Mother Load: A matriarch cleans up during the Thirty Years War. War.
Mother Load: A matriarch cleans up during the Thirty Years War. War.

“Whenever heroics are called for,” snarls Kathleen Turner in that unmistakable burr-edged baritone of hers, “it’s a sure sign someone’s fucked up.”

Make no mistake, there are fuckups and heroics aplenty in Mother Courage and Her Children, the epic antiwar broadside currently occupying the grim, gray bomb crater at the center of Arena Stage’s in-the-round Fichandler Theater. Turner powers her way through the massive title role on grit and will, surrounded by a well-picked, energetic ensemble cast, in a bitterly cynical story that calls on her character to haul her perpetually weary carcass through the hellscape of various 17th-century European battlefields over the dozen-year course of not one but two religion-fueled wars. You’ll have begun to understand by now, I imagine, why people describe Mother Courage as one of the towering modern dramas. It’s exhausting, angry, and brilliant, and in its way awesome—in the old sense, a thing that inspires a kind of shellshocked awe.
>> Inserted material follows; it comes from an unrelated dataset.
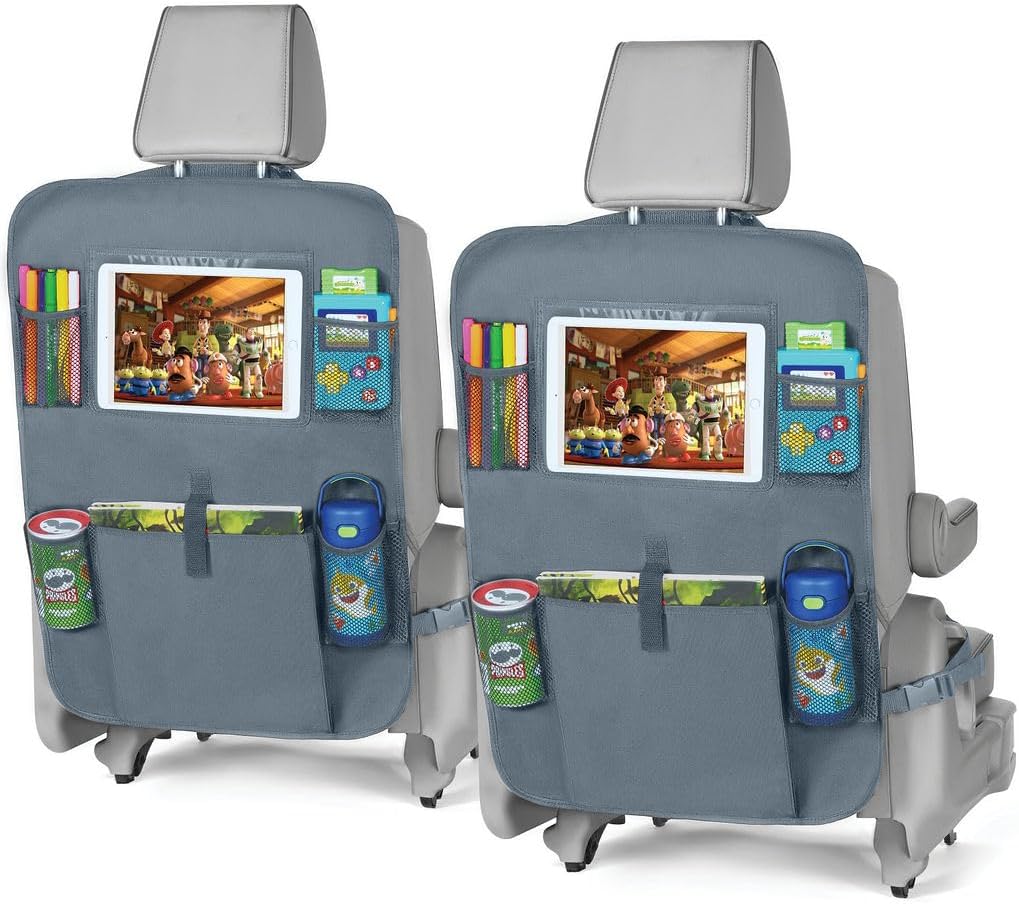 X-Large Waterproof Back Seat Covers for Kids - 2 Pack with 3 Pocket Storage Organizer, Ultimate Protection Against Dirt, Mud & Scratches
Mother Courage, not to put too fine a point on it, is a war profiteer, a vendor of everything from brandy to boots to bullets, forever dragging her three children—strapping Eilif (Nicholas Rodriguez), empty-headed Swiss Cheese (Nehal Joshi), mute Kattrin (Erin Weaver)—and that iconic cartful of ever-changing merchandise along in the wake of whatever army has the upper hand. She’s not picky, as long as the money’s good, and she’s all sorts of dubious about the motivations and merits of the kings and kaisers and commanders in charge; she’s “in business,” as she likes to say, and a tough negotiator she is, savvy and unsentimental and determined that the conflict that fuels her livelihood won’t suck her and her offspring in.

And yet it inevitably will, because playwright Bertolt Brecht—writing in late 1939, aghast at the potential for a repeat of World War I’s destruction, in a horror over the Nazi invasion of Poland—knew that for even the scrappiest of little people caught between armies, crises come suddenly. “Then the world comes/Then the world breathes/The world learns, you learn/The world knows/The world teaches,” go the weary, jaded lyrics to one of Courage’s songs. (They’re set here, in David Hare’s lean, darkly funny translation, to original music by the Philadelphia-based composer James Sugg, and accompanied onstage by members of the ensemble, wielding tubas, upright basses, trombones, and such.) “The vows you make are the vows you break,” Courage sings caustically, having learned by this point that even a mother’s oath can’t always protect the hapless—that even the sweetness and honesty of an innocent like Swiss Cheese will count for little when money and power are in play.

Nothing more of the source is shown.